---------- DATA SHOWN ----------
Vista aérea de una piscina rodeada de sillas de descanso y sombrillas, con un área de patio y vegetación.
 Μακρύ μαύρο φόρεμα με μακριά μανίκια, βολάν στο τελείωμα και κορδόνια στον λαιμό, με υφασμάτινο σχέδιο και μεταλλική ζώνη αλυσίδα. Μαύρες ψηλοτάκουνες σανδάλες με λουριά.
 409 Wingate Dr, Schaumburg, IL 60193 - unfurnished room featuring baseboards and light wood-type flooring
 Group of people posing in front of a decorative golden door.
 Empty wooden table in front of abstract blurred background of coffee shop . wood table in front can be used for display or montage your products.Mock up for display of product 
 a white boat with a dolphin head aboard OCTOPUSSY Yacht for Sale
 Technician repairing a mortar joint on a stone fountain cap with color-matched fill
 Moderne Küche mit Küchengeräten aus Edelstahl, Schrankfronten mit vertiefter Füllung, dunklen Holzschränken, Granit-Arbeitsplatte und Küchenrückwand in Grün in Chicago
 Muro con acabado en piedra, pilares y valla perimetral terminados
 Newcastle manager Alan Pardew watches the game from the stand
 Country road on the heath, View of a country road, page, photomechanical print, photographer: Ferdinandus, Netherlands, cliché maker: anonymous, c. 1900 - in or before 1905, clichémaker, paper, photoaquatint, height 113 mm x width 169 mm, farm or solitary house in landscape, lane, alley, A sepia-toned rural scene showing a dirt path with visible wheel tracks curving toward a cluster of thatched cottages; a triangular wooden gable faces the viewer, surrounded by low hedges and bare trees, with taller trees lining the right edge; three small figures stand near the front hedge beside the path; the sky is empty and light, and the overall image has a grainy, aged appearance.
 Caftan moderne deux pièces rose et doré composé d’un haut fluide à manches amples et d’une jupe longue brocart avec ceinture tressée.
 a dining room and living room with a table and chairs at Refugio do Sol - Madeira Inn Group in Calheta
----------
(WORK INSTRUCTIONS): The full listing is to be copied verbatim.

(RESPONSE):
Vista aérea de una piscina rodeada de sillas de descanso y sombrillas, con un área de patio y vegetación.
 Μακρύ μαύρο φόρεμα με μακριά μανίκια, βολάν στο τελείωμα και κορδόνια στον λαιμό, με υφασμάτινο σχέδιο και μεταλλική ζώνη αλυσίδα. Μαύρες ψηλοτάκουνες σανδάλες με λουριά.
 409 Wingate Dr, Schaumburg, IL 60193 - unfurnished room featuring baseboards and light wood-type flooring
 Group of people posing in front of a decorative golden door.
 Empty wooden table in front of abstract blurred background of coffee shop . wood table in front can be used for display or montage your products.Mock up for display of product 
 a white boat with a dolphin head aboard OCTOPUSSY Yacht for Sale
 Technician repairing a mortar joint on a stone fountain cap with color-matched fill
 Moderne Küche mit Küchengeräten aus Edelstahl, Schrankfronten mit vertiefter Füllung, dunklen Holzschränken, Granit-Arbeitsplatte und Küchenrückwand in Grün in Chicago
 Muro con acabado en piedra, pilares y valla perimetral terminados
 Newcastle manager Alan Pardew watches the game from the stand
 Country road on the heath, View of a country road, page, photomechanical print, photographer: Ferdinandus, Netherlands, cliché maker: anonymous, c. 1900 - in or before 1905, clichémaker, paper, photoaquatint, height 113 mm x width 169 mm, farm or solitary house in landscape, lane, alley, A sepia-toned rural scene showing a dirt path with visible wheel tracks curving toward a cluster of thatched cottages; a triangular wooden gable faces the viewer, surrounded by low hedges and bare trees, with taller trees lining the right edge; three small figures stand near the front hedge beside the path; the sky is empty and light, and the overall image has a grainy, aged appearance.
 Caftan moderne deux pièces rose et doré composé d’un haut fluide à manches amples et d’une jupe longue brocart avec ceinture tressée.
 a dining room and living room with a table and chairs at Refugio do Sol - Madeira Inn Group in Calheta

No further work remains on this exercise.